Capt. Jessica O’Brien recently assumed command of Naval Weapons Station Seal Beach, becoming the first female commander in the base’s 78-year history.
With nearly 25 years of service as a naval officer, O’Brien arrives in Orange County from the Pentagon, where she worked for three years under the Chief of Naval Operations in cooperation with military strangers. She relieved Captain Jason Sherman in a ceremony on July 15, but had learned the ropes over the past few months.
O’Brien previously shattered a glass ceiling as the first female commander of Beachmaster Unit One, a Coronado-based landing craft unit that trains to move Sailors, Marines and their equipment from ships to opposing shores. .
Coincidentally, O’Brien entered the U.S. Naval Academy in 1993. In 1994, Congress repealed combat exclusion laws that had prevented women from serving in combat ships and aircraft.
“Throughout my career, I’ve been the first woman in so many cases. I’m part of that vanguard wave of women who really had an open path to serve on fighters. Even since then, females can do more. We now have females on subs and everything is really open,” O’Brien said.
As a woman who entered the male-dominated profession of operating naval vessels, O’Brien said she was proud to have laid the groundwork for her fellow female officers.
“It wasn’t something I wanted to point out because I’ve never done it in my career. I just tried to do my job and earn everyone’s trust and respect,” O’Brien said.
A defining moment in O’Brien’s early career came on October 12, 2000, during his first deployment to the USS Anchorage landing dock. The warship had arrived at the port of Seychelles, an archipelago off the coast of East Africa. O’Brien was helping paint a school when the ship sounded its horn and hoisted a flag signaling that all of its crew had been recalled from shore.
“We pack our bags and run down the hill and we’re told there’s been an explosion on a ship in Yemen,” she said.
The USS Cole guided missile destroyer was bombed in a suicide attack while refueling in Aden, Yemen. The explosion killed 17 sailors and injured 39 others. Al-Qaeda terrorists claimed responsibility for the attack.

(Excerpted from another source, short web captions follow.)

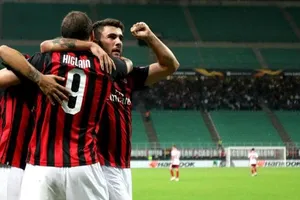 AC Milan - Olympiacos 3-1: Cutrone, Higuain tỏa sáng ngược dòng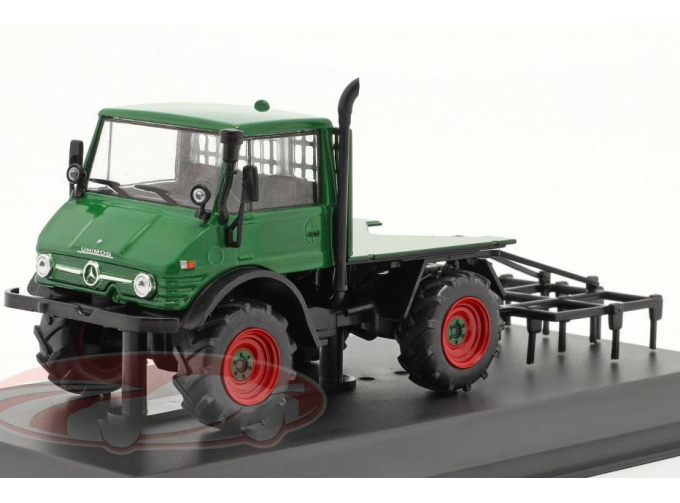 MERCEDES-BENZ Unimog 406 (1977), green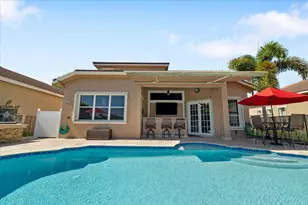 12390 NW 78th Manor, Parkland, FL 33076 - Photo 12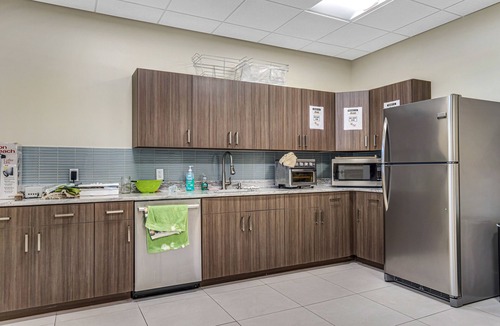 Frankford House | Ocean View Beach Club two-story home with patio, pool, tennis & gym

Anchorage steamed to Yemen to help the damaged Cole and was the first American ship to arrive, O’Brien said. The amphibious ship’s crew provided security, food, clothing and medical care to the Cole’s sailors. For the junior officer at the time, the bombing brought home the real dangers of military service – even on the air.
“It definitely changed for me the importance of what I was doing and I really realized how much I love this job,” O’Brien said.
O’Brien lands at Seal Beach in a busy moment for the 5,256-acre base. It is likely to see the completion of a $154 million construction project to reconfigure Anaheim Bay and replace a World War II munitions pier by the end of 2024. In April, construction crews drove in the last of more than 660 concrete piles that will support a new pier.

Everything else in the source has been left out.